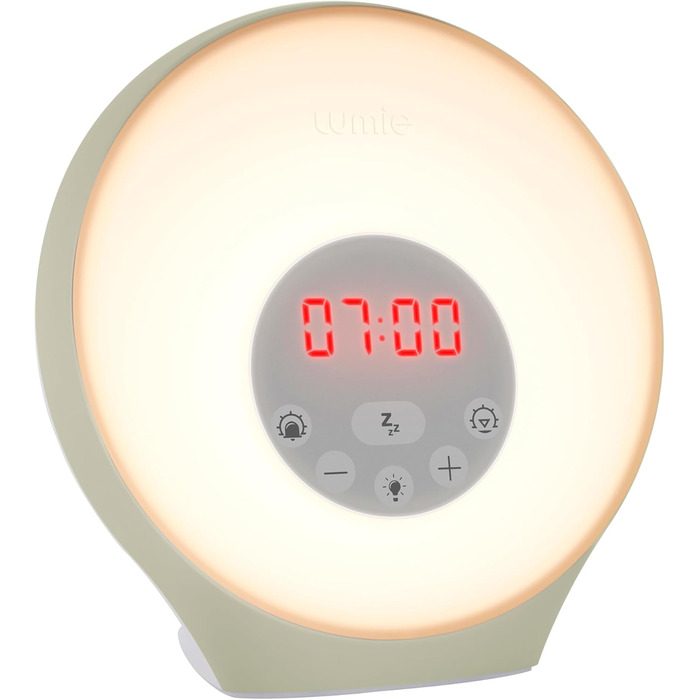 Світловий будильник Lumie Sunrise з ефектом сходу та заходу сонця, звуками та атмосферним підсвічуванням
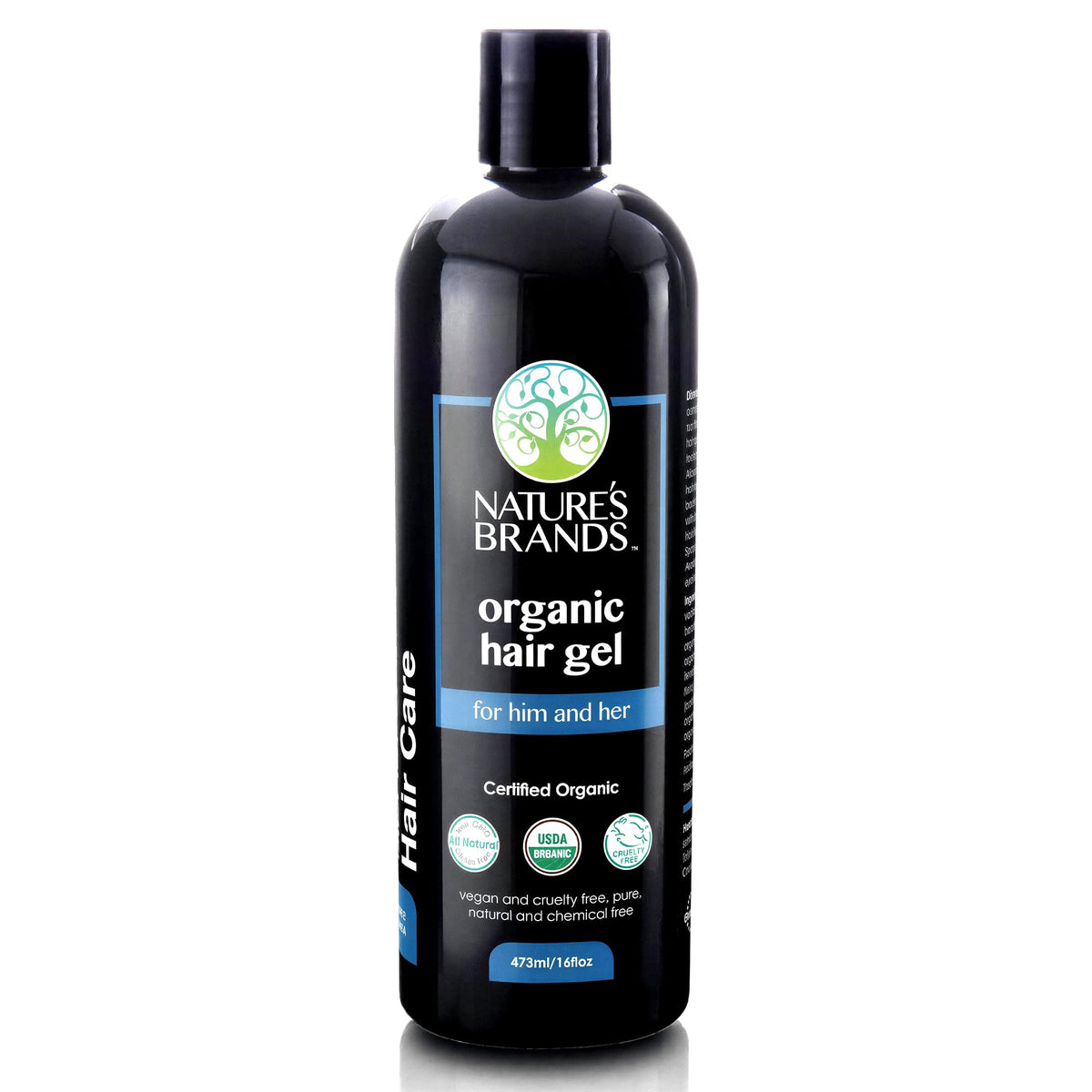 Nature's Brands front bottle shot showing label and organic claim for shelf appeal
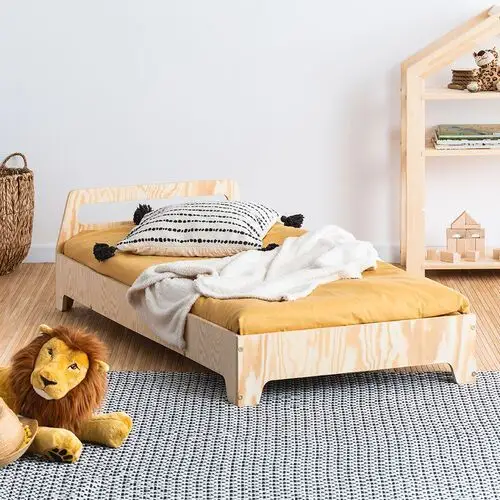 łóżko drewniane dla dziecka kyori z zagłówkiem 80x140 cm Selsey 2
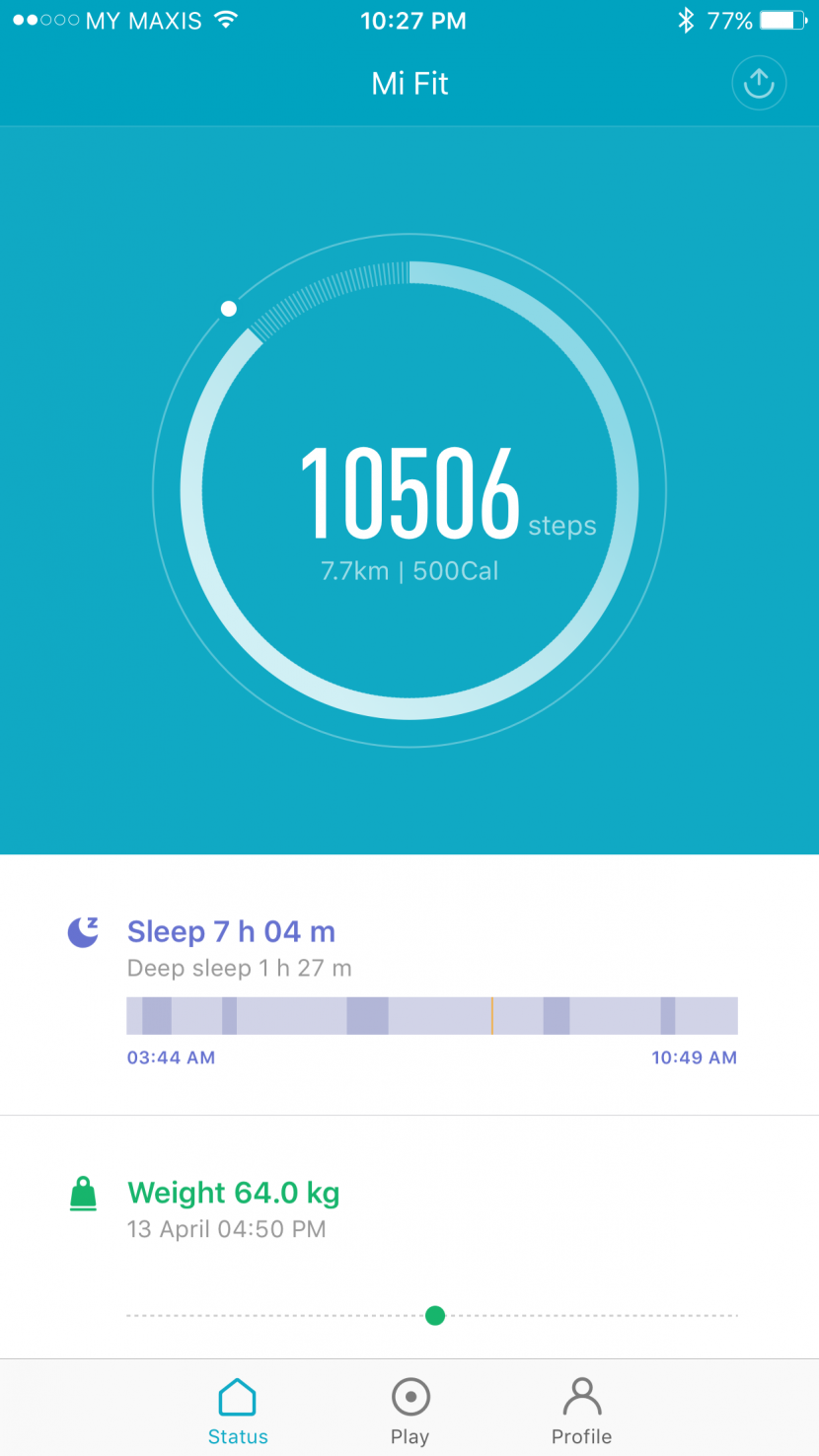 XiaoMi Mi Band Pulse Fitness Band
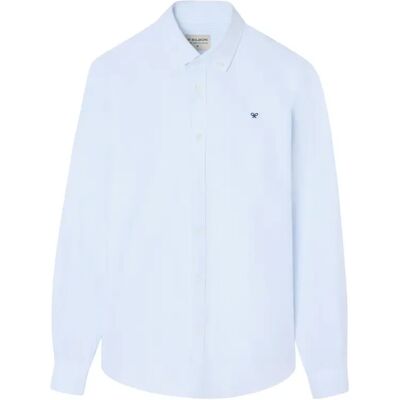 Gestreifte Oxford-Hemd mit langen Ärmeln Silbon Bleu 2XL Homme Gestreifte Oxford-Hemd mit langen Ärmeln Silbon Bleu 2XL Homme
_ _ _ _
Please copy, exactly and only, the lines of the listing that run from the one holding "łóżko drewniane dla" through its last line, and exclude pictures.

 łóżko drewniane dla dziecka kyori z zagłówkiem 80x140 cm Selsey 2
 XiaoMi Mi Band Pulse Fitness Band
 Gestreifte Oxford-Hemd mit langen Ärmeln Silbon Bleu 2XL Homme Gestreifte Oxford-Hemd mit langen Ärmeln Silbon Bleu 2XL Homme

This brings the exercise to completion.